Les virulentes critiques formulées par l’historienne de l’art Bénédicte Savoy, professeure à l’Université technique de Berlin, qui compare dans le Süddeutsche Zeitung du 20 juillet 2017 le futur musée à Tchernobyl, recouvrant trois cents ans de collections « d’une chape de plomb […] comme sur des déchets nucléaires, pour que rien ne s’échappe », contribueront à alimenter le débat.

« On construit un musée alors que des caisses remplies d’objets, arrivées ici entre 1914 et 1915, n’ont pas été étudiées, ce qui aurait dû être fait depuis longtemps ! », tempête la spécialiste, qui a démissionné du comité d’experts du Forum Humboldt avant d’accepter, en mars 2018, d’étudier pour la France les conditions de rapatriement d’œuvres d’art africaines mal acquises durant la période coloniale. Une demande du président Emmanuel Macron, qui s’est engagé, lors son discours à Ouagadougou en novembre 2017, à restituer d’ici à cinq ans des œuvres pillées sur le continent, répondant aux réclamations de plusieurs pays africains, dont le Bénin.

Urgence d’un devoir de mémoire

Le flou qui nimbe les collections allemandes éclaire une nouvelle facette de l’amnésie germanique vis-à-vis de son passé colonial, de plus en plus dénoncée dans le pays. Mieux informé, notamment grâce aux actions d’associations mobilisées pour faire redécouvrir cette période oubliée, le public revendique désormais l’urgence d’un devoir de mémoire : « Les gens demandent que des rues portant le nom de colonisateurs soient rebaptisées, que le gouvernement s’excuse pour le génocide des Herero et des Nama en Namibie : l’Allemagne n’a plus le choix, elle doit affronter son passé », souligne Nanette Snoep.
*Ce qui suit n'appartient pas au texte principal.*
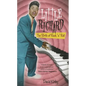 Little Richard: The Birth of Rock 'n' Roll - Paperback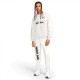 Pantaloni Nike M NSW AIR PK PANT DM5217-030 - imagine №5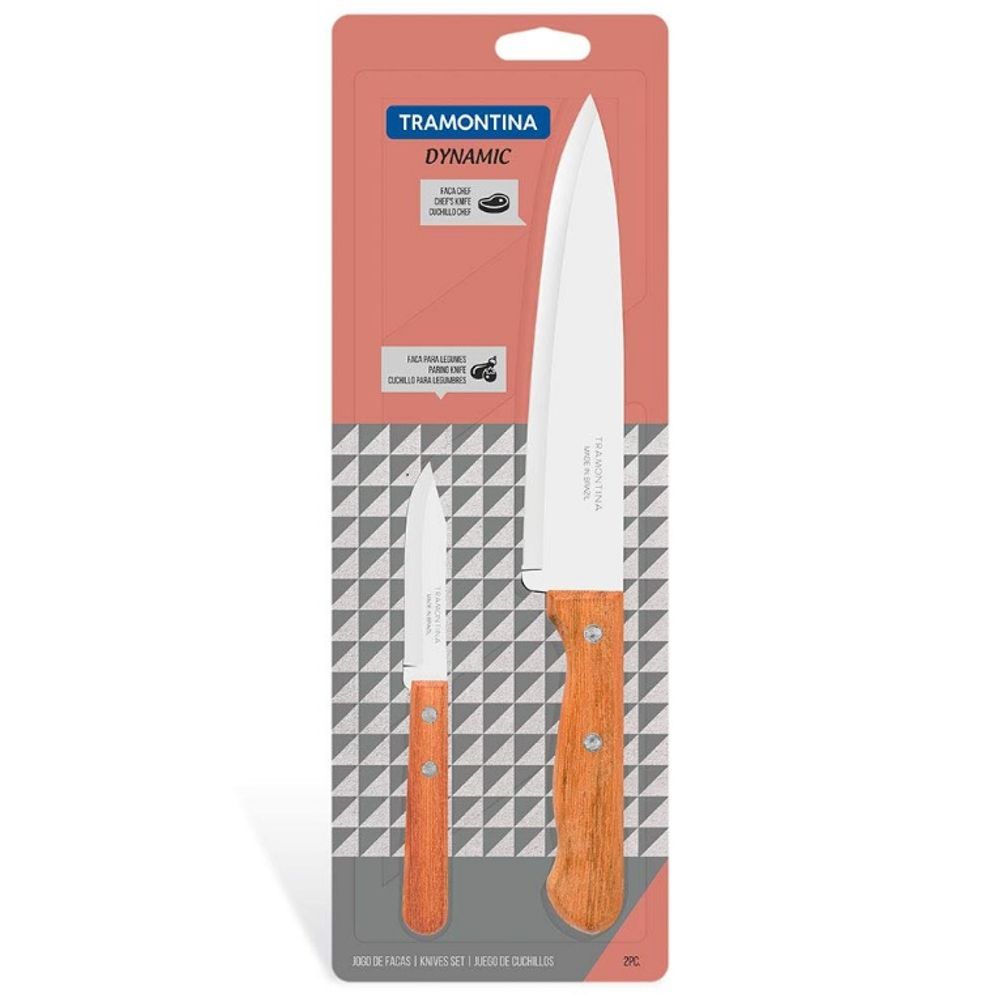 Nivalmix_jogo_faca_tramontina_2128756 Nivalmix_jogo_faca_tramontina_2128756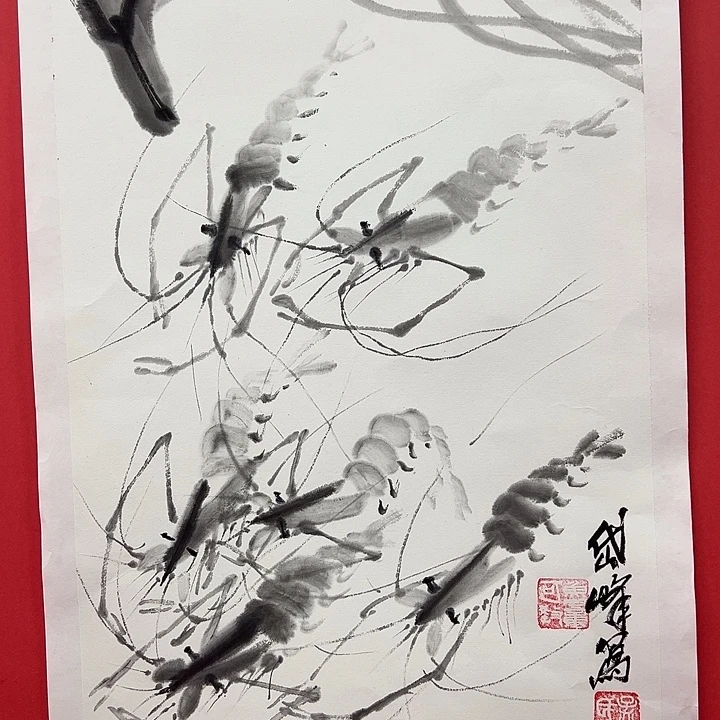 国画孟111111111111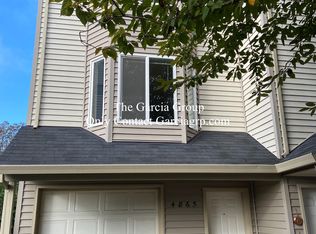 4865 SW 150th Pl #4865, Beaverton, OR 97007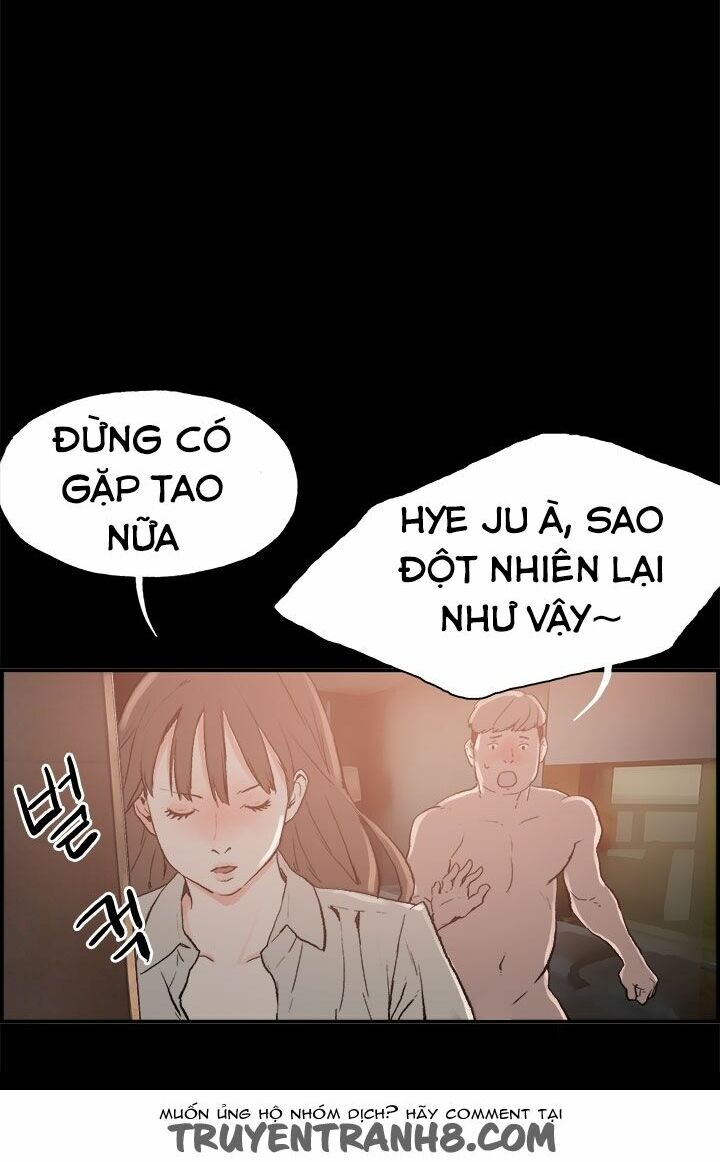 Chapter 4 ảnh 26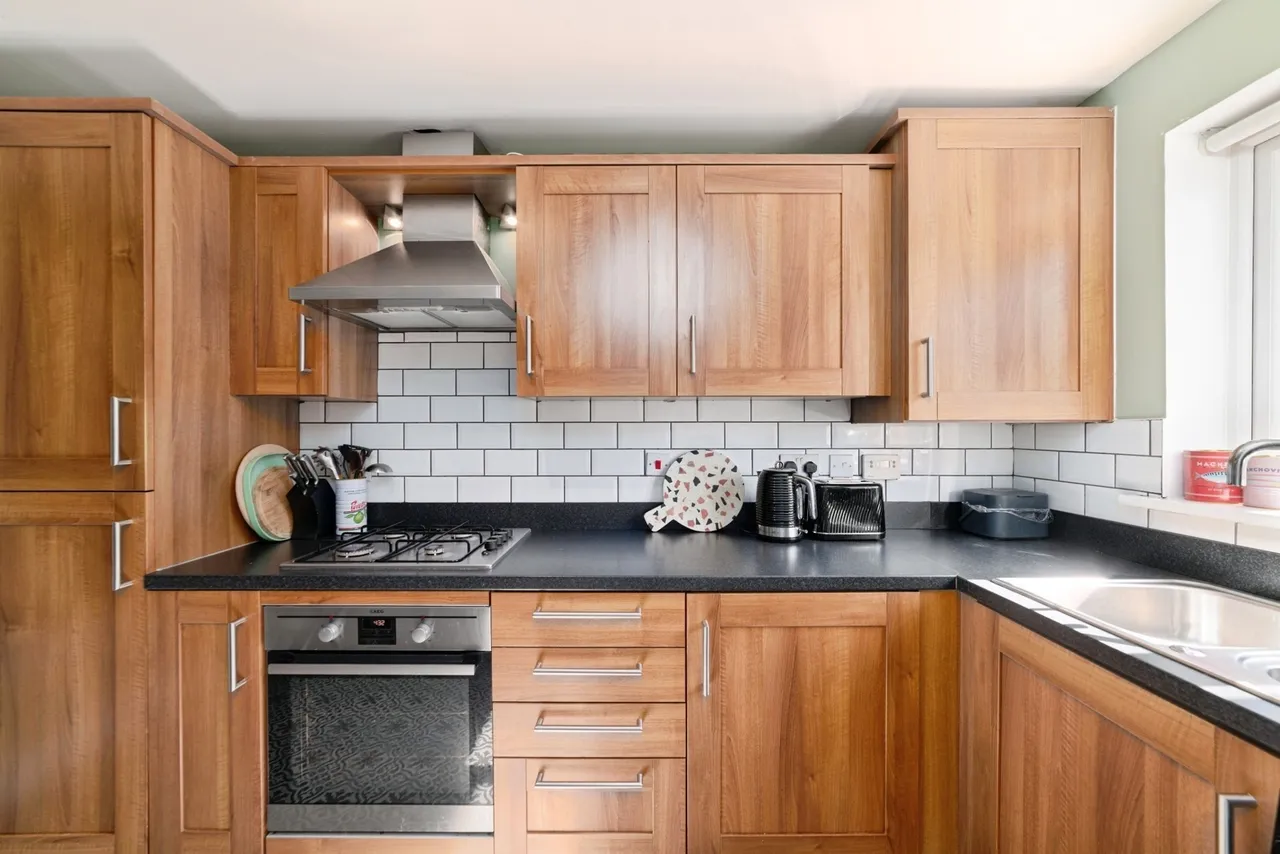 Meysydd Y Coleg, Carmarthen, SA31, photo 5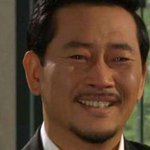 [드루와] 아빠가 나 이제 치킨 먹지 말래
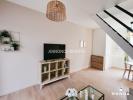 Louer Appartement 13 m2 Tourcoing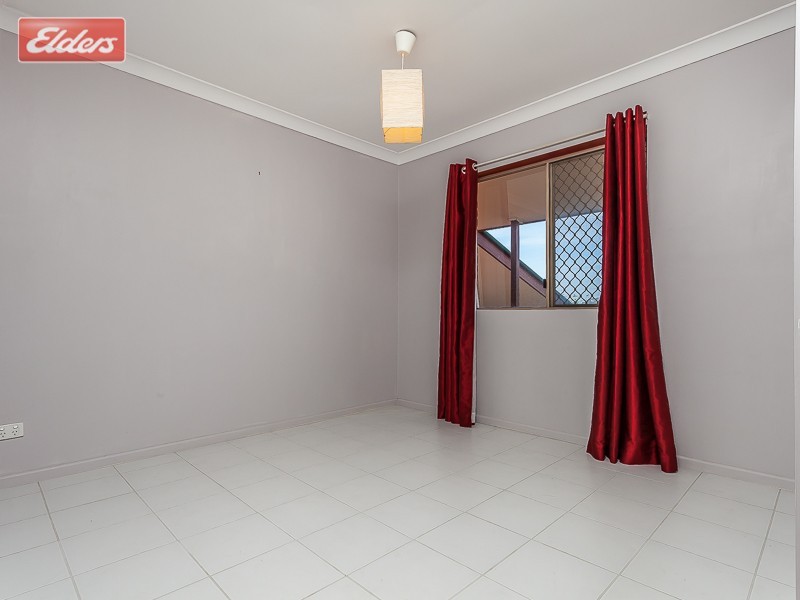 14/62 Lade Street, Gaythorne QLD 4051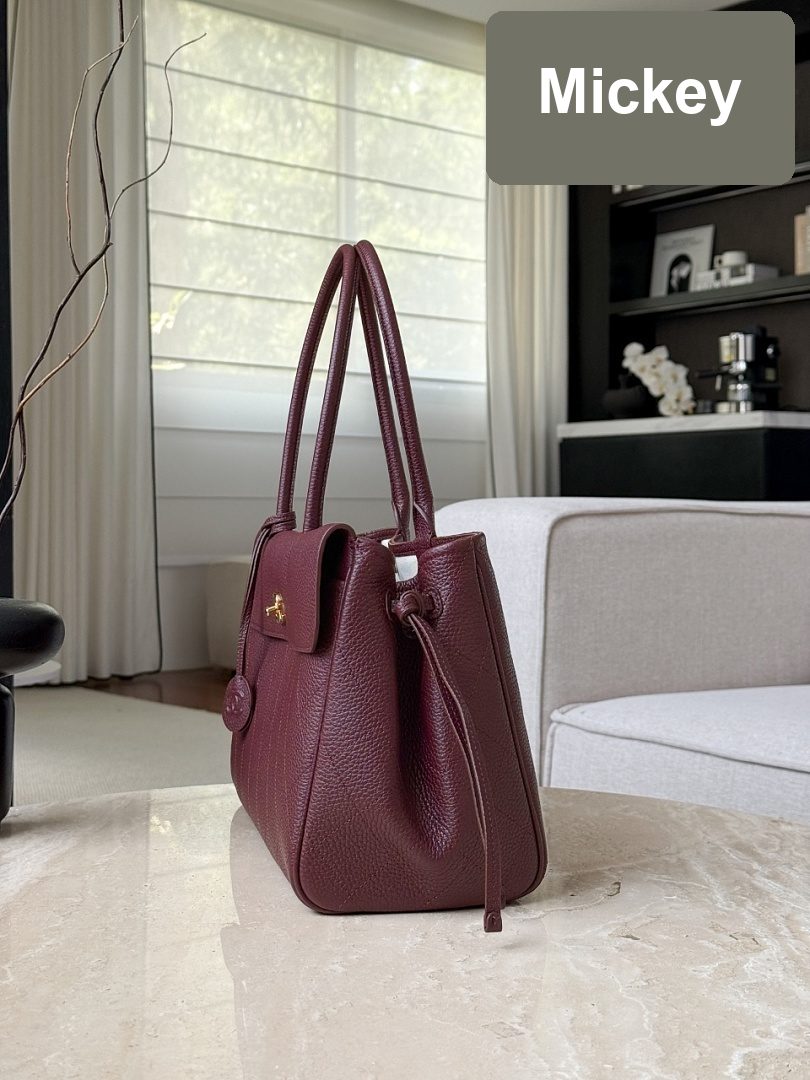 【S】$463=3100CNY｜Chanel(26a) God(Author) Factory｜Item ID-73384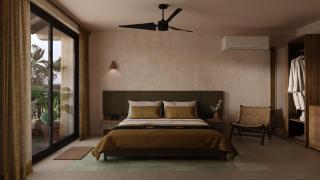 Tanah Hoi An - Luxury & Cozy Villa - 1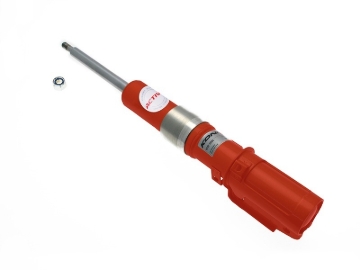 Picture of KONI KON Special Active Shocks Shocks and Struts - 8745 1250L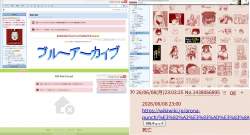 1188747 B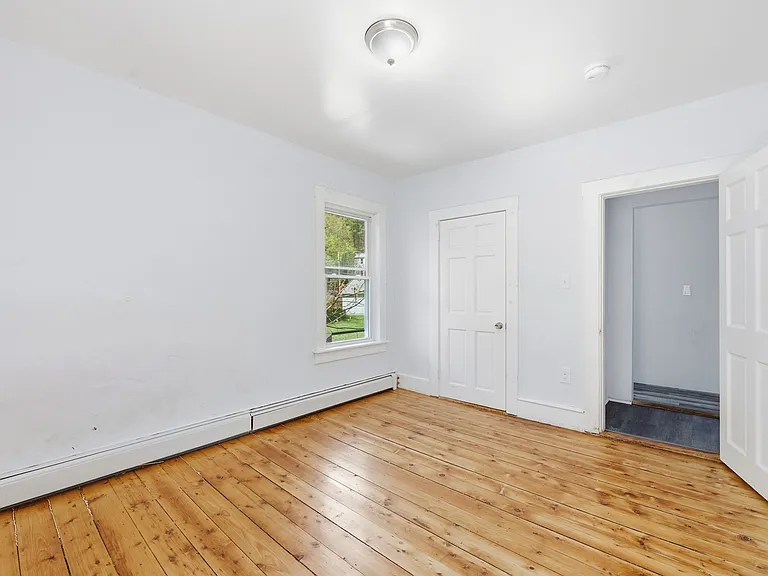 50 West St #3 — Photo 8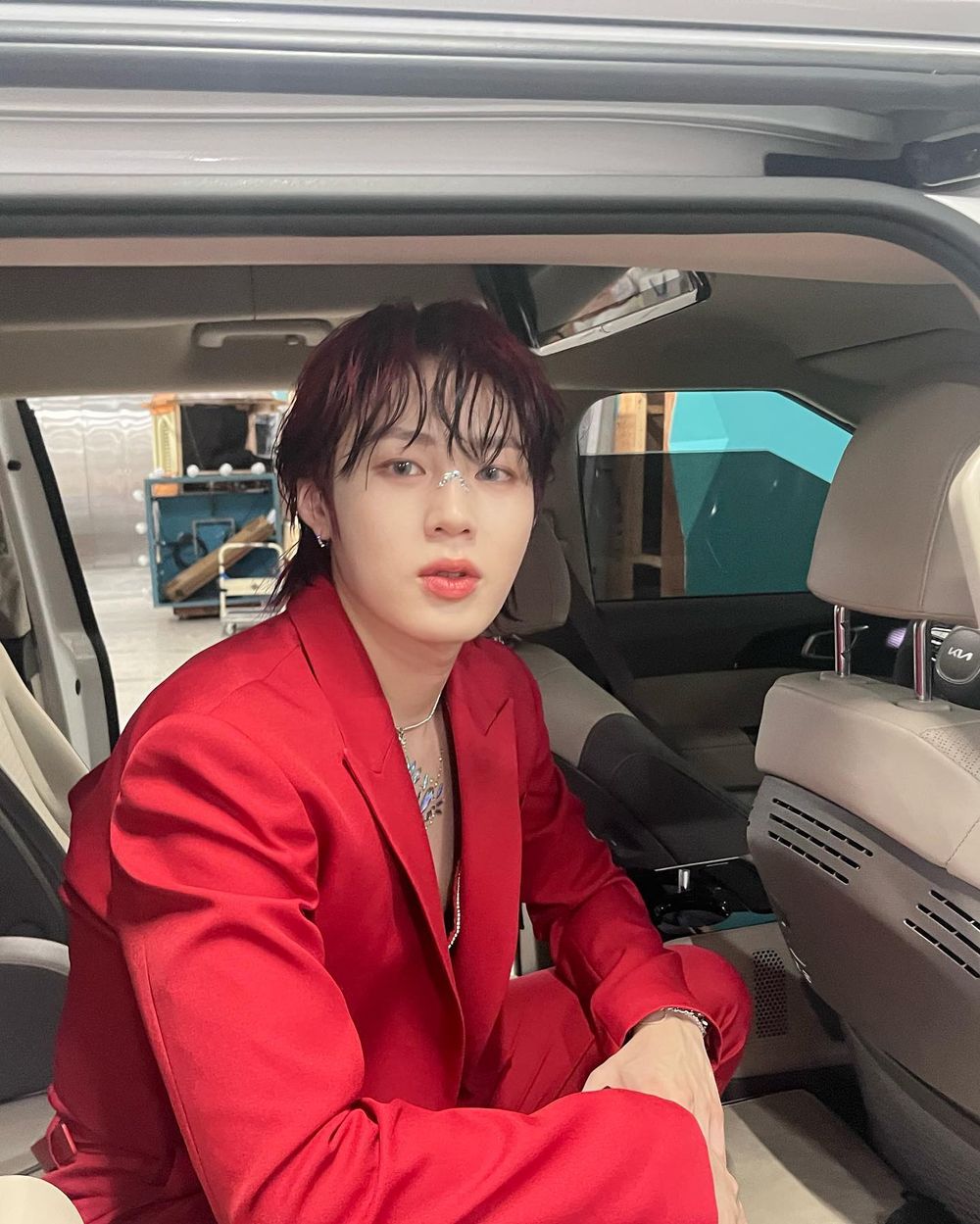 2024即將退伍的韓國男偶像！終於等到Jin、j-hope回歸，男團WINNER全員軍畢！-2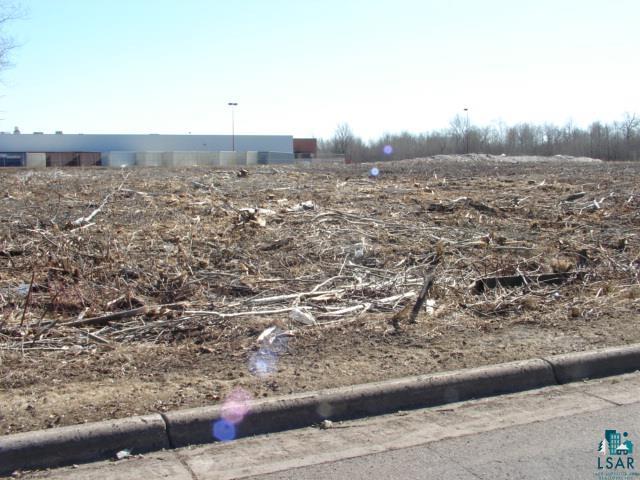 34XX Tower Ave Superior WI 54880 6107173 image3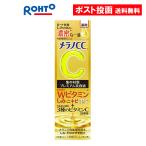 ショッピングメラノcc メラノCC 薬用しみ 集中対策 プレミアム美容液 1個 20ml 医薬部外品 ロート製薬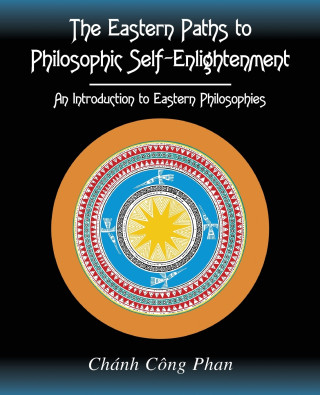 Eastern Philosophy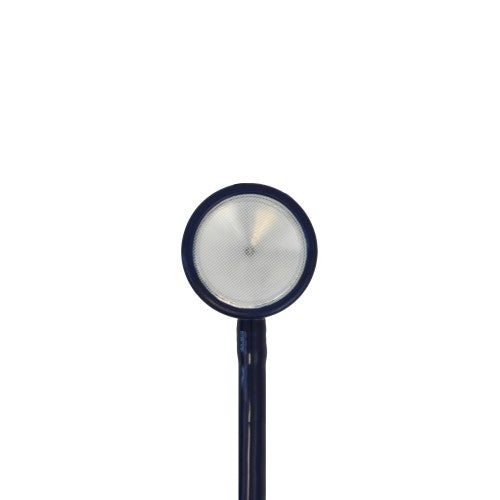 Think Medical's Clinical Stethoscope - 92068 Navy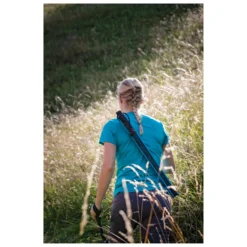 EuroSchirm - Swing Liteflex - Parapluie -Magasin De Plein Air euroschirm swing liteflex parapluie detail 6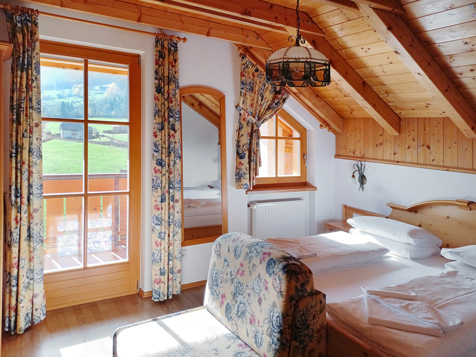 Ein-Zimmer-Wohnungen image 1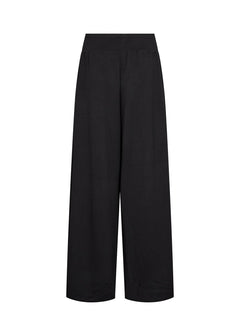 Soya Concept Banu 353 TrousersBlack - Blue Water Clothing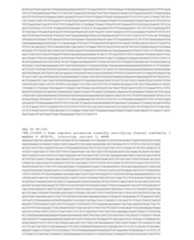 Figure imgf000493_0001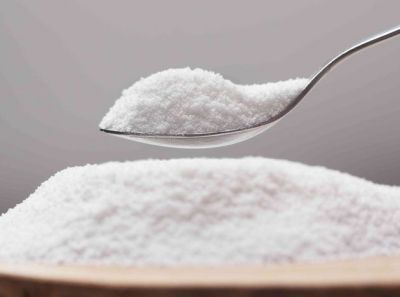 수크랄로스 설탕 대체제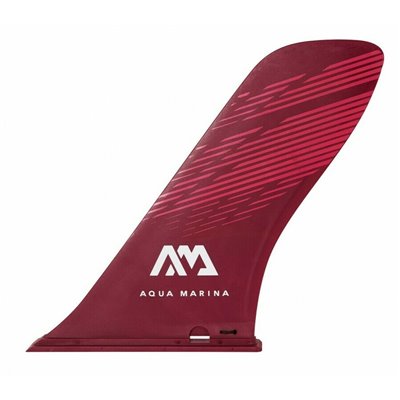 Aqua Marina Coral Racing 28311 Πτερύγιο Sup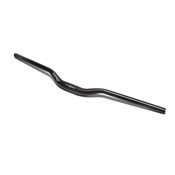 Thomson Elite 35 Handlebar
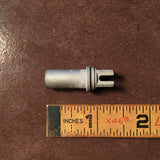 Bendix 11-7771-30 Positioner, used with Buchanan Crimp Tool.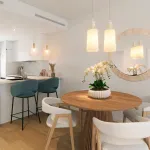 Appartement – Nouvelle construction – Alfaz del Pi 16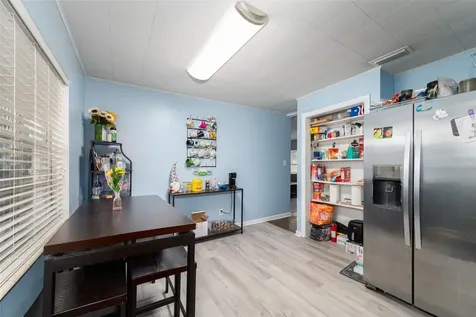 418 NW 27th Terrace Gainesville FL 32607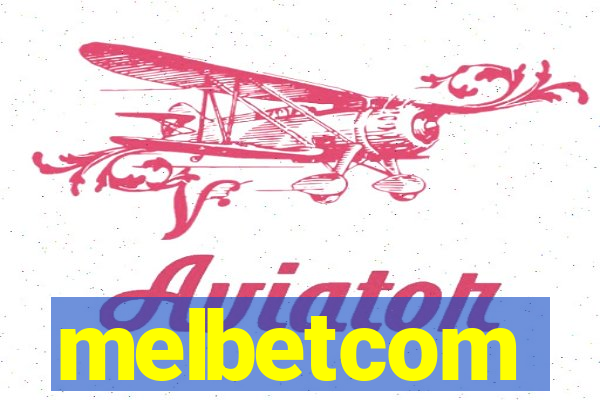 melbetcom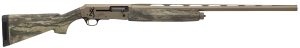 BROWNING SILVER RTLG FDE 12/26 3.5"   #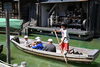 「『倉渕交流事業（浦安市）』」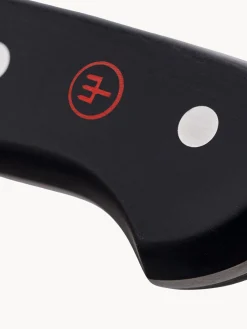 Set di 2 coltelli in acciaio inossidabile Classic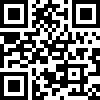 https://khabaronline.ir/x8jh5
En mai, la ministre de la culture, Monika Grütters, a finalement annoncé la mise en place de bourses pour financer des recherches sur la provenance des œuvres d’art acquises durant la période coloniale. Puis le ministère a publié, avec l’Association des musées allemands, un guide énonçant des recommandations pour traiter des collections issues de contextes coloniaux. « Lancer un travail de recherche sur la provenance et constituer des bases de données accessibles au public, c’est la première étape vers plus de transparence », commente Bénédicte Savoy.

Comme à Leipzig, quelques institutions ont commencé à fouiller le passé de leurs collections. Le musée Linden, à Stuttgart, implique dans ses recherches un comité consultatif regroupant des représentants des diasporas africaines. « Lorsqu’on ne sait rien d’une œuvre, on peut tenter de l’identifier grâce à sa fonction, sa provenance, en faisant appel aux communautés qui maîtrisent le contexte culturel », souligne Ines de Castro, la conservatrice.

Le Musée d’outre-mer de Brême a quant à lui confié à un doctorant de Yaoundé, Ndozo Awono, l’inventaire de ses collections camerounaises précoloniales et coloniales. « Il y a un gros travail de classement des 1 500 objets, qui ne sont parfois pas référencés », souligne-t-il, tout en constatant de suspicieuses acquisitions. « Plusieurs pièces sont des objets rituels qui n’ont pas pu être donnés, contrairement à ce qu’on lit parfois dans les registres des collectionneurs, car ils ont une grande importance symbolique. Ils ont très probablement été pillés chez des chefs de village », estime le doctorant, qui prévoit de se rendre en 2019 au Cameroun pour tenter de retracer l’identité de ces objets confisqués.

Un premier pas vers de futures restitutions ? Dans ses recommandations, le ministère appelle les musées à ne pas faire cavalier seul. Principe de précaution ou résistance ? « Les institutions ne pourront plus clamer ne pas savoir d’où viennent les œuvres pour échapper au débat », estime Nanette Snoep.